(Data block)
"""
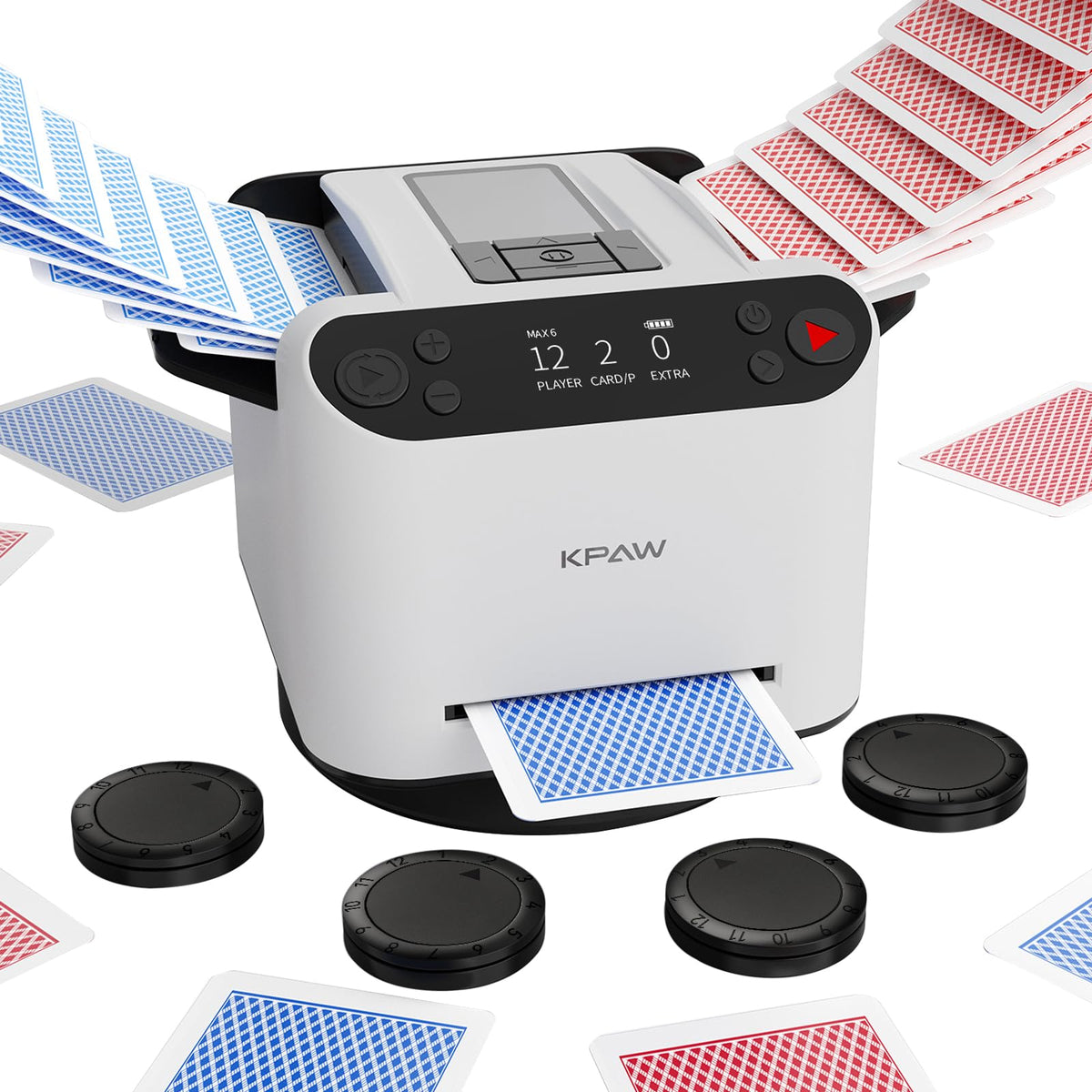 KPAW automatic card shuffler front view showing compact home-game design
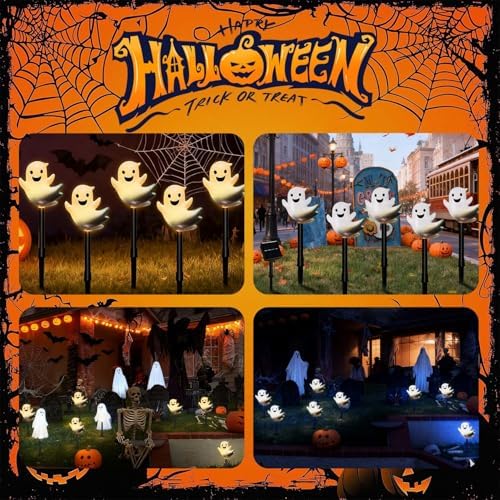 Halloween Solar Lights for Outdoor Decorations, 5 Pack Ghost Pathway Lights, Solar Ghost Lights for Garden, Yard, Party Halloween Decor (Happy) - Image 3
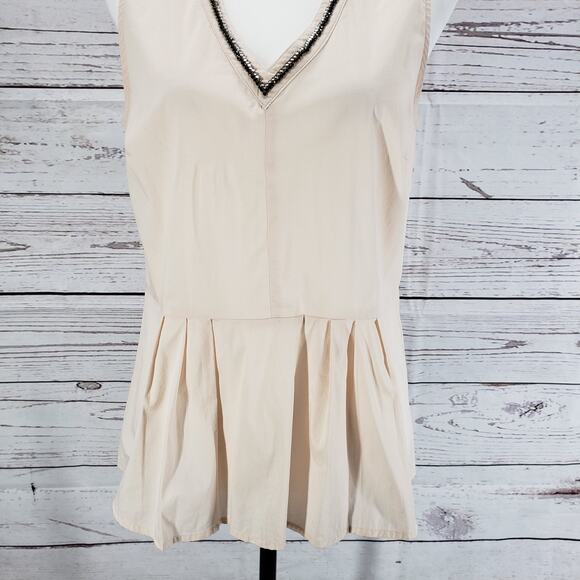 Calvin Klein Peach V-Neck Embellish Peplum Top Size Medium - Picture 4 of 13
"""
(Aim of the exercise) Copy out the listing above exactly, and keep the pictures out of it.

(Task output)
 KPAW automatic card shuffler front view showing compact home-game design
 Halloween Solar Lights for Outdoor Decorations, 5 Pack Ghost Pathway Lights, Solar Ghost Lights for Garden, Yard, Party Halloween Decor (Happy) - Image 3
 Calvin Klein Peach V-Neck Embellish Peplum Top Size Medium - Picture 4 of 13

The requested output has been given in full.